Barrow, Mullamast, Co. Kildare
Co. Kildare |
Barrows
The summit of Mullamast Hill in County Kildare carries the remnants of an unusually dense cluster of ancient monuments, most of them in various states of erasure. A cemetery of five barrows, the large mounded burial cairns associated with prehistoric funerary practice, once occupied the highest ground here alongside two ringforts, a standing stone, and at least two further structures now entirely gone. Of the barrows, one has been badly damaged by quarrying, another survives only as a ploughed-down swelling in the ground estimated at around twenty-five metres in diameter, and a third has been reduced to a dumping site. Two more have left no visible trace at all on the surface.

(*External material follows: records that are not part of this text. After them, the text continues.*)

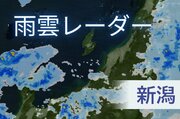 雨はいつどこに…一目で分かる「雨雲レーダー」新潟日報が公開　梅雨のお出かけ前に必見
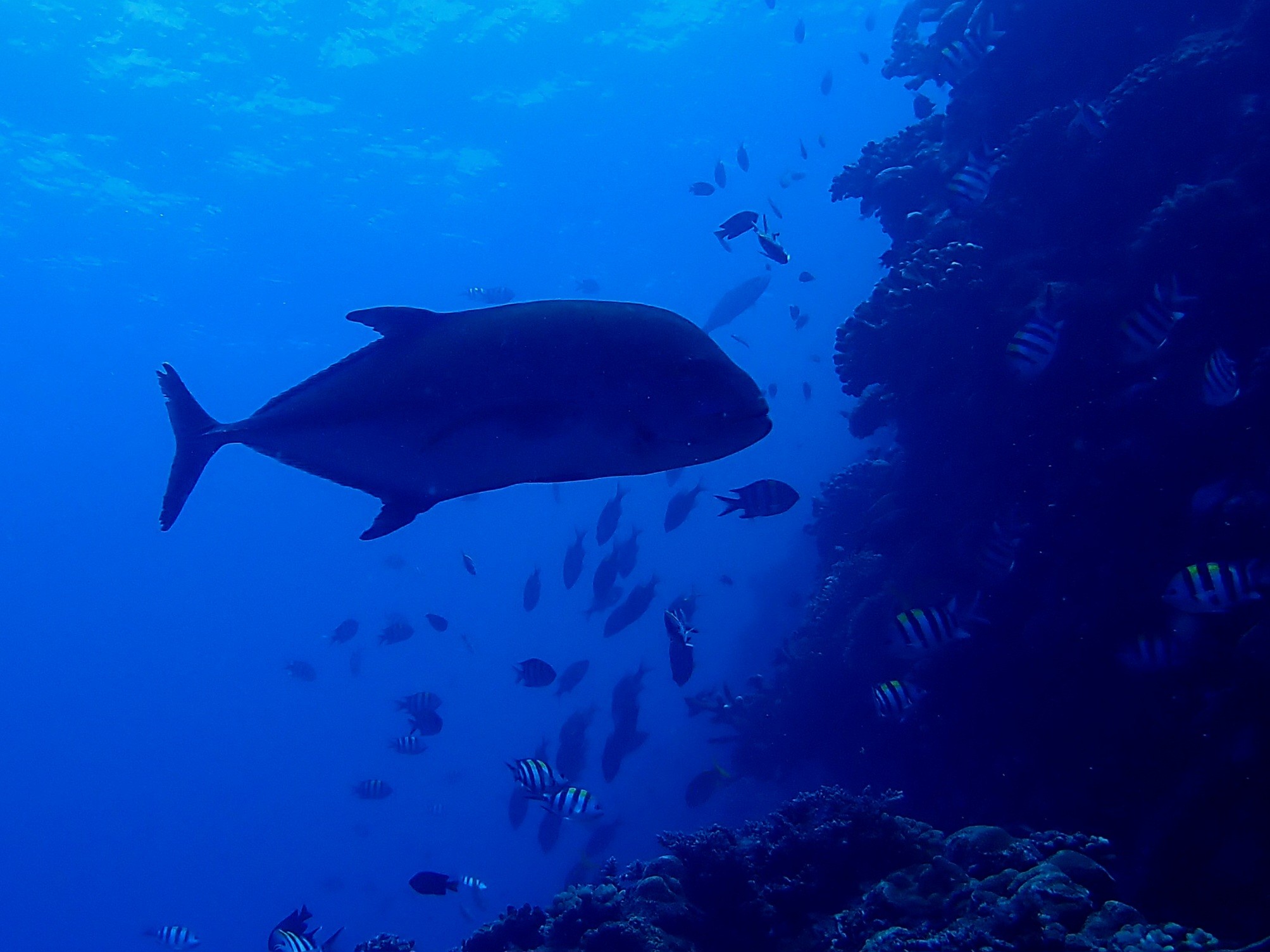 527675371_3639671579497670_2644123153489977043_n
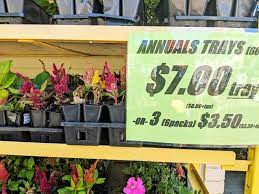 In 1977 produce junction was founded by, and still owned and operated by a local philadelphia family. Produce Junction Flowers Overview Prices 422 Deals
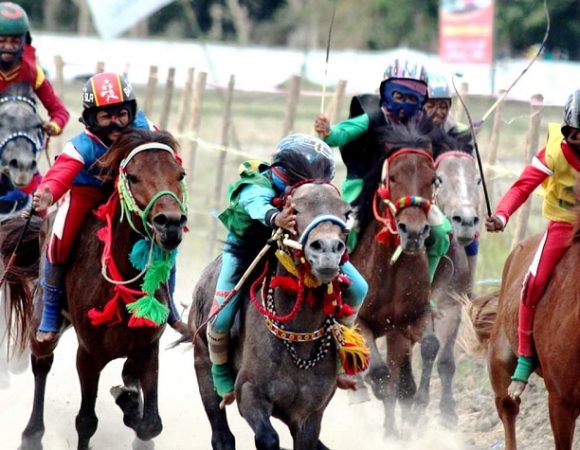 Tradisi Balap Binatang di Sumbawa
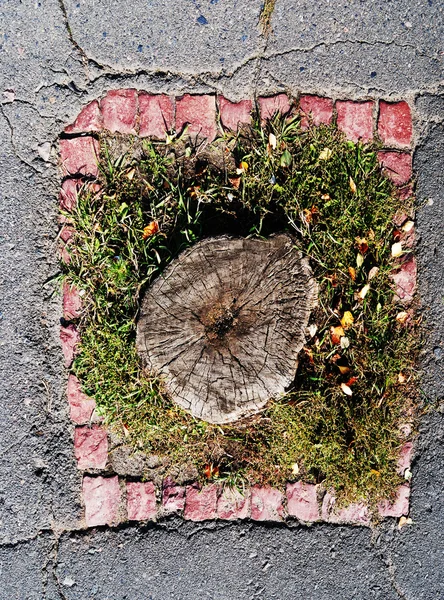 Stump in the centre of the liitle grass-plot — Stock Photo, Image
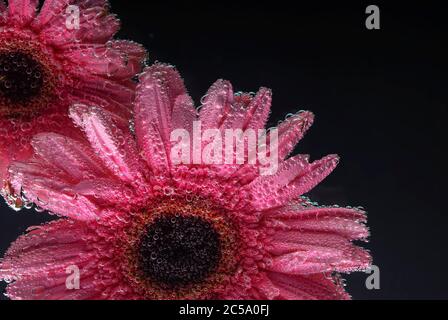 pink gerbera flowers, with air bubbles on the petals, under water, on a multi-colored background. March 8 concept. International Women's Day Stock Photo
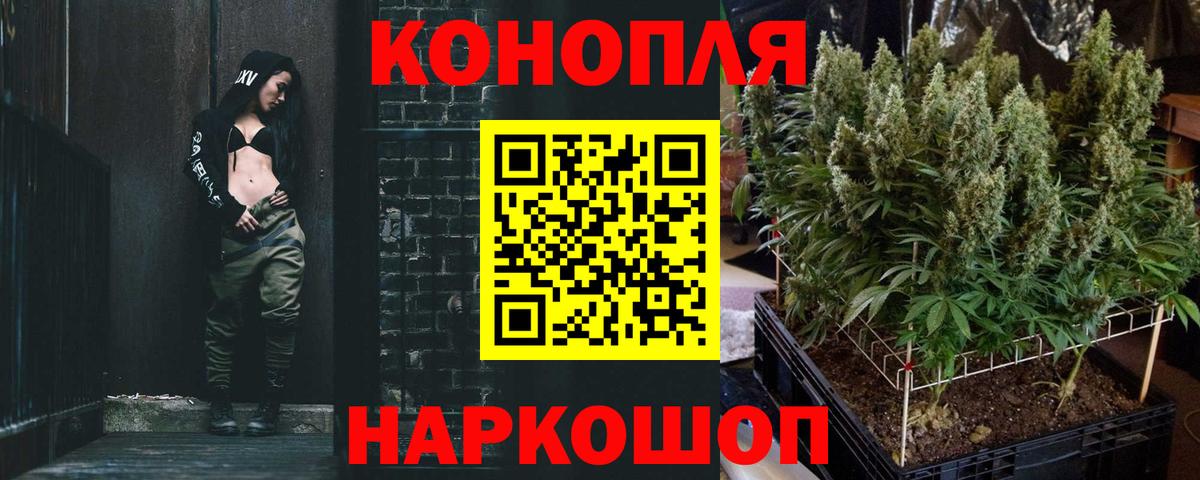 Шишки марихуана Amnesia  Марихуана план  Мирный  МАРИХУАНА Bruce Banner 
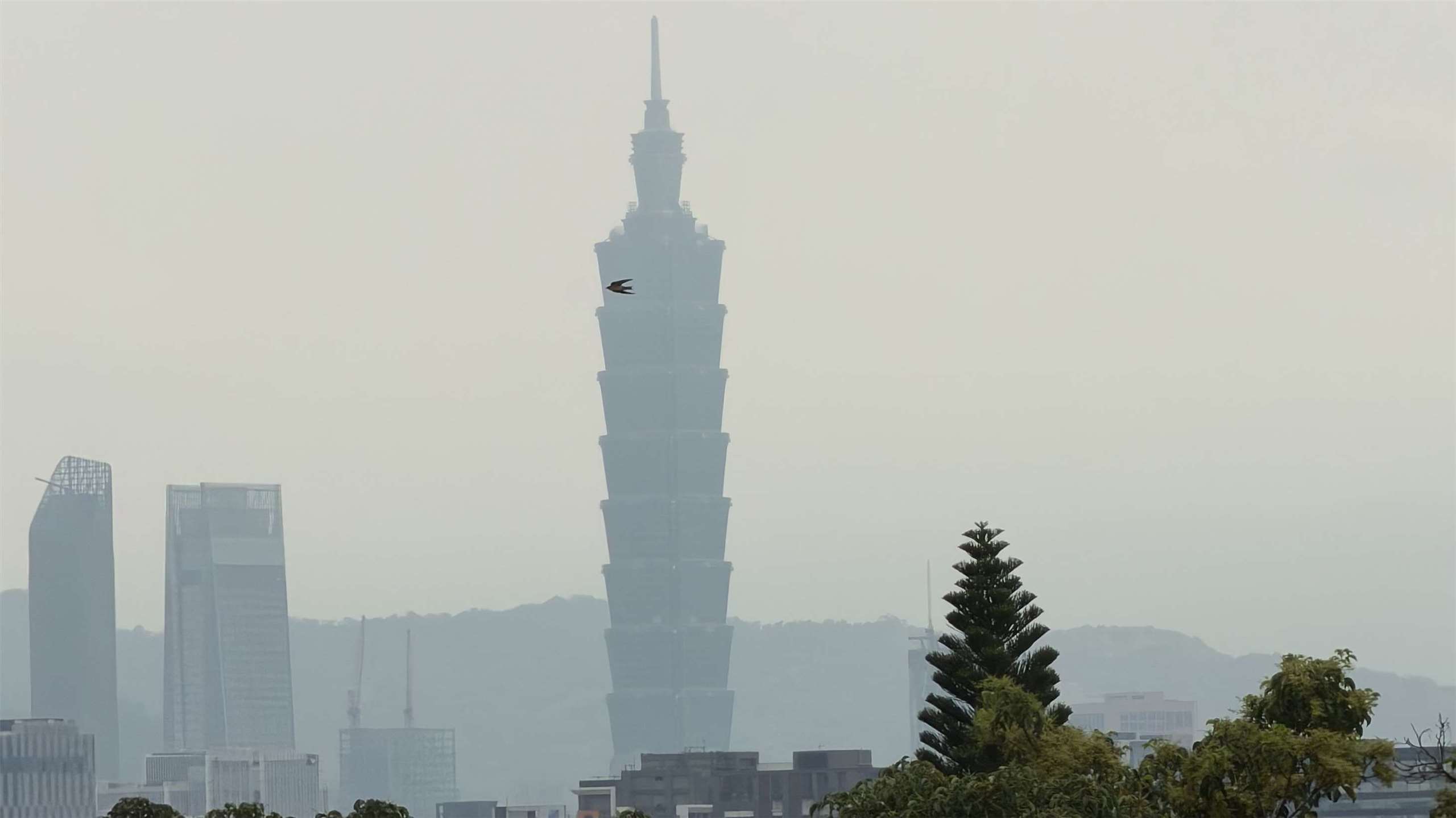(陳柏萇 攝)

The disappearance of those last two barrows is where the history of this place becomes unexpectedly entangled with nineteenth-century politics. According to a local account by Fitzgerald, published in the Journal of the Kildare Archaeological Society in the 1890s, the two mounds were deliberately levelled in preparation for one of Daniel O'Connell's so-called monster meetings of 1843, mass outdoor gatherings organised to press for the repeal of the Act of Union. Mullamast was a resonant choice of venue; the hill was already associated with a notorious sixteenth-century massacre of Leinster chieftains. During the levelling work, labourers uncovered a cist, a small stone-lined burial box of the kind typically associated with Bronze Age interments. The two other structures recorded near the standing stone were illustrated in Richard Gough's 1789 edition of Camden's Britannia, described there as a circle of small tumuli each about four feet high, but neither survives today and their precise positions are no longer known.